Based on these and other advantages, a wide array of automakers is beginning to introduce grid-enabled vehicles into the marketplace.  There are important differences in drivetrain architectures, with some vehicles relying solely on battery power (electric vehicles, or EVs) and others augmented by liquid fuels as well (plug-in hybrid electric vehicles, or PHEVs). All told, automakers worldwide are developing dozens of plug-in hybrid and electric vehicles. By 2013, more than 40 models could be available to consumers.

From just a handful of units introduced in 2010, the industry is beginning to scale up. Announced North American production capacity will exceed 100,000 vehicles in 2012 and 350,000 by 2014. (These figures do not include trucks.) Additional volumes will reach the U.S. market from OEM plants overseas, particularly in the next two years.

High penetration rates of GEVs could radically minimize the importance of oil to the United States, strengthening our economy, improving national security, and providing much-needed flexibility to our foreign policy while clearing a path toward dramatically reduced economy-wide emissions of greenhouse gases. No other alternative to petroleum can claim these widespread advantages.

The logical next question is how we can successfully devise and deploy an electrified transportation system. Here’s what we need to avoid: it has now been more than 10 years since traditional hybrids were first introduced in the United States. And despite government support and record high gas prices for part of that time, there are still only 1.9 million hybrids on the road in the U.S. today—out of approximately 250 million light-duty vehicles in the fleet.

We cannot let electric vehicles turn into another niche product. We cannot allow their use to be limited to the environmentalists and technological enthusiasts who will buy those first waves of them. To make our nation’s investment worthwhile—and, more importantly, to truly combat our oil dependence—we must put ourselves on the pathway toward millions, then tens of millions, and then hundreds of millions of electric cars and trucks.

It is not as simple as flipping a switch. Electrification on a mass scale is an enormously complex undertaking. The issue is not simply one of putting electric cars into showrooms. At the most basic level, the first commercially available EVs and PHEVs will be significantly more expensive than their internal combustion engine counterparts. The existing tax credits help offset that cost, but they hardly represent a transformative policy framework that will give consumers the necessary confidence to adopt a fundamentally new technology. For electrification to appeal to consumers, it will truly ‘take a village.’

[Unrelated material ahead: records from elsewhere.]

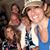 Stephanie-Frankie Whitley's profile image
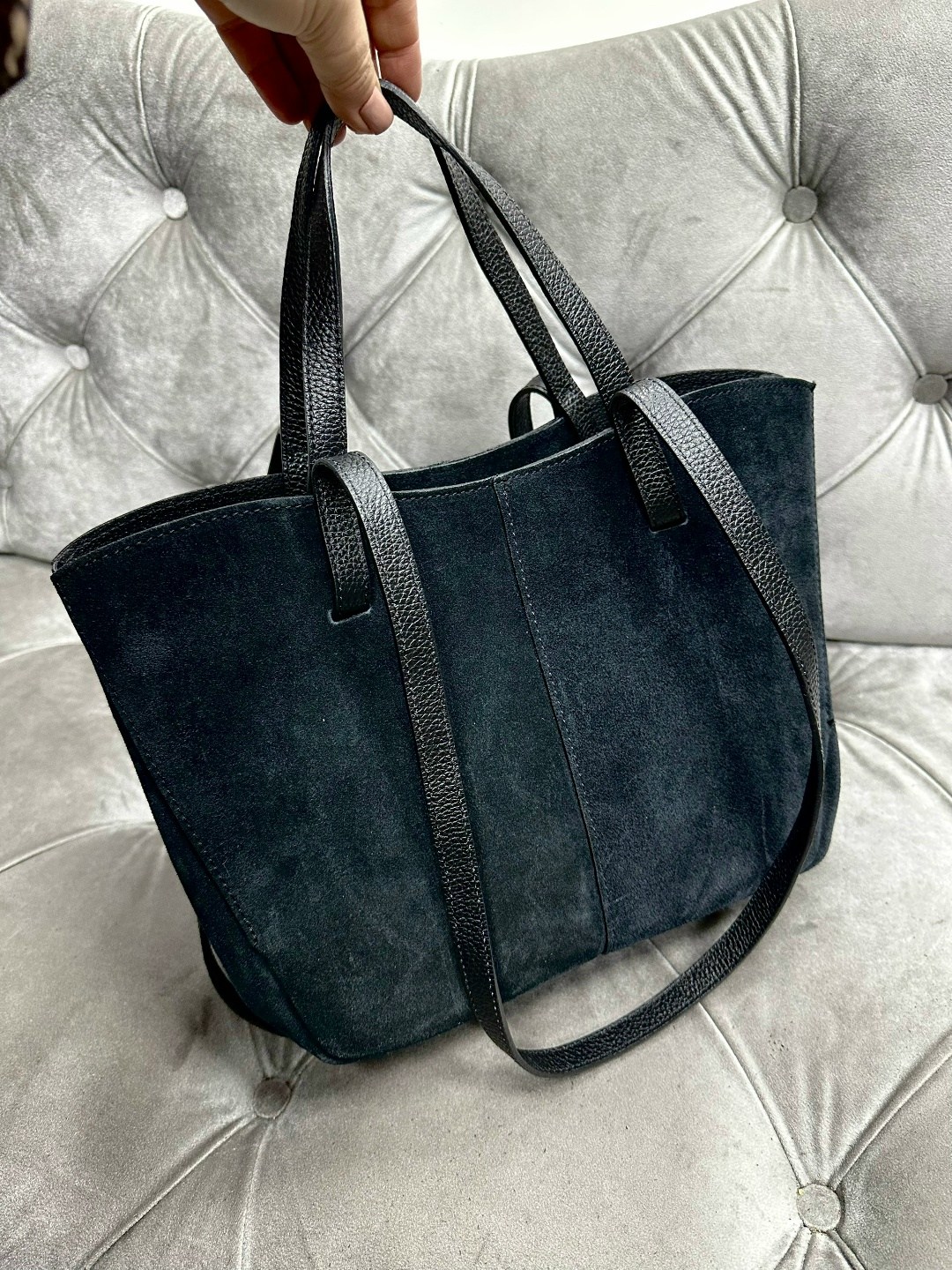 сумка женская натуральная замша,замшевая сумка,женская замшевая сумка,сумка из натуральной замши,сумка большая замшевая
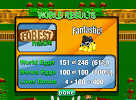 Varmintz Deluxe Game scr 3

For example, drivers will want to know that installing a charger in their garage will be a seamless and simple process that isn’t bogged down by weeks of red tape. For EV drivers, they will want access to some amount of public charging infrastructure so that they can feel confident as they complete a Saturday full of errands and shopping—or take the family on the highway for the great American road trip.

The proactive engagement and support of utilities will be absolutely critical. Smart charging will make EVs and PHEVs an asset for the grid, but dumb charging will make them a liability. One analysis by EPRI found that plugging in just one PHEV to charge at 220 volts overloaded 36 of 53 transformers examined during peak hours and 5 of 53 transformers during off-peak hours. We are all excited about the benefits of using EVs and PHEVs to fill valleys in utility load curves, but this will only work if consumers have the ability to receive information that incentivizes them to charge their cars at night. Yet, most public utility commissions don’t encourage or allow time-of-use pricing.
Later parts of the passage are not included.